You will also need an application you can deploy to your infrastructure. For the purpose of this demo, a simple Hello World nodeJS application is provided for you.

  • index.js
  • package.json
  • Dockerfile
File: index.jsLanguage: js
const express = require('express')
const app = express()
const port = 3000

app.get('/', (req, res) => {
  res.send('Hello World!')
  res.status(200).json
})

app.listen(port, () => {
  console.log(`Access your application at`, `http://localhost:${port}`)
})

module.exports = app

Once you have the files downloaded, you can deploy your infrastructure using the following commands:

Language: sh
sam build && sam deploy

Test it Out

After the provided templates are deployed, you can find the the following AWS CloudFormation outputs using the following commands:

Language: sh
RepositoryUrl=$(aws cloudformation --region us-east-1 describe-stacks --stack-name nodejs-sam --query "Stacks[0].Outputs[?OutputKey=='RepositoryUrl'].OutputValue" --output text) && echo $RepositoryUrl

FQDN=$(aws cloudformation --region us-east-1 describe-stacks --stack-name nodejs-sam --query "Stacks[0].Outputs[?OutputKey=='FQDN'].OutputValue" --output text) && echo $FQDN

WARNING

Note: You will want to build and push your container image prior to deploying this application to Fargate.

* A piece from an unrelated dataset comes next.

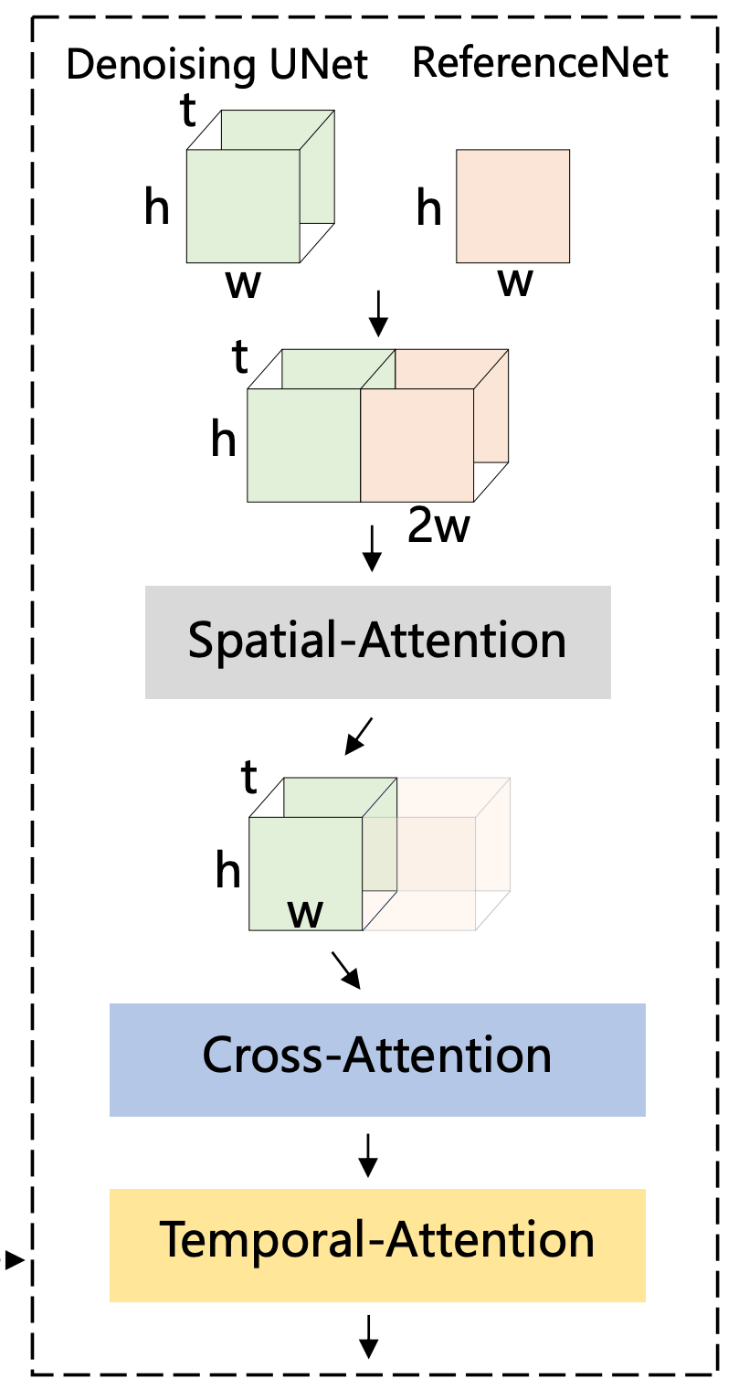 ReferenceNetのアーキテクチャ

The default template will look for the image in your provisioned Amazon Elastic Container Registry with the tag "latest". Once the image exists, you will be able to test your application using the output retrieved from the FQDN command.

TIP

In Production, it's not best practice to use the latest tag for your containerized application images. Instead, you'll want to tag your images per release as part of your CI/CD workflow or pipeline.